None of this is to say that Current is uninteresting: conceptually, it has substance and depth, and the accompanying blurb is a fascinating read, and it’s worth quoting at length:
‘Starting from the postulate that energy becomes form and form becomes energy, Current articulates — based on aesthetic rigor — the audible forms of electric current, seen as vital energy and the active principle of an artificial consciousness.

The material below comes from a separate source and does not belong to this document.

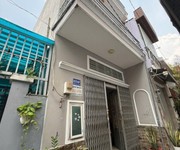 Nguyễn sỹ sách - 32m - 1 trêtn 1 lầu - gần nhà ga t3 - giá 4.65 tỷ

‘The analysis of sound phenomena from this perspective can be perceived as a source of meditation, which reflects a physical phenomenon on a philosophical field. Sonic details and structural artifacts (sic) are exposed to their own sonic value and examine — from a phenomenological perspective — the idea of flux, energy, artificial consciousness, self-direction and the capability of self-knowledge.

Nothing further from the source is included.